## Statistical Significance

Tip: Do not report results as “approaching statistical significance”.

Rationale: Approaching statistical significance means that a result did not meet the predetermined level of significance, which is usually .05, but was close. In some ways it is a “nicer way of admitting that your results support the null hypothesis”.1 While it is tempting to report a result as approaching significance, it is problematic. A decision was made regarding the acceptable standard and now, based on the results, that decision is being modified to fit the data. This is a violation of the assumptions behind inferential statistics. The definition of “close” is problematic since it is based on what was found rather than any scientific rationale. If results are approaching significance it might be possible to collect data from more participants until the results are significant or until the significance gets worse. Another option would be to replicate the study.2

Tip: Limit the number of statistical tests that you do and have a rationale for each test that you do.

Rationale: Since statistical significance testing is based on a probability, the more statistical tests you do, the more likely you are to get statistically significant results that are incorrect.3 This cumulative error rate means that it is inappropriate to do 100 tests and then report as significant the five comparisons reaching the .05 level because of the dangers of capitalizing on chance. The major exception would be if the tests were intended to be exploratory and would be used only in a subsequent independent study to help generate hypotheses.

Tip: If statistical significance is found, check for effect size and, as needed, use a website that does effect size computations.4

Rationale: A finding of statistical significance means that the null hypotheses -- the hypotheses of no difference -- has been rejected. By itself, it does not mean that the findings are important or meaningful. It is important to determine the size or magnitude of the effects found. Effect sizes can be computed for group differences and for correlations.5 One well known effect size is Cohen's d. Cohen defined effect sizes as “small, d = .2,” “medium, d = .5,” and “large, d = .8,” but warned of the risks inherent in defining the terms in as “diverse a field of inquiry as behavioral science”.6 Larger effect sizes indicate that not only is a difference statistically significant but the likelihood is that the difference is meaningful as well.

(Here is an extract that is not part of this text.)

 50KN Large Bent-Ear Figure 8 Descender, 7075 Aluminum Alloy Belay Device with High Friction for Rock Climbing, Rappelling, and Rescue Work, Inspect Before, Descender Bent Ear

Tip: Be sure that the statistical tests being used are the right ones for the data. This may involve using an online tool such as the one developed by the UCLA: Statistical Consulting Group7 or hiring a statistical consultant to provide assistance in the selection of appropriate tests.

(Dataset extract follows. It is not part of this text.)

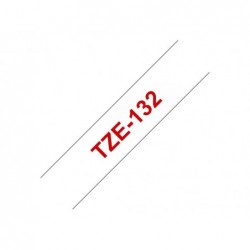 BROTHER TZE132 Taśma Brother 12mm RED ON CLEAR BROTHER TZE132 Taśma Brother 12mm RED ON CLEAR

Rationale: Data can be analyzed in multiple ways, each of which could yield legitimate answers. There are a number of factors that determine whether an analysis is appropriate including the number of dependent (or outcome) variables; the nature of the independent (or predictor) variables; whether your dependent variable is an interval variable, ordinal, or categorical variable8; and whether it is normally distributed.9 Use of an inappropriate statistic can lead to inaccurate results.

1 PSYCHblog (2012). Approaching significance.
2 Stassam (2012). Is the term “approaching significance” cheating?
3 Hopkins, W.G. (2000). A new view of statistics.
4 www.uccs.edu/~lbecker/
5 www.uccs.edu/lbecker/effect-size.html
6 Cohen, J. (1988). Statistical power analysis for the behavioral sciences (2nd ed.). Hillsdale, NJ: Lawrence Earlbaum Associates. p 25.
7 What statistical analysis should I use? UCLA: Statistical Consulting Group.
8 What is the difference between categorical, ordinal and interval variables? UCLA: Statistical Consulting Group.
9 What statistical analysis should I use? UCLA: Statistical Consulting Group.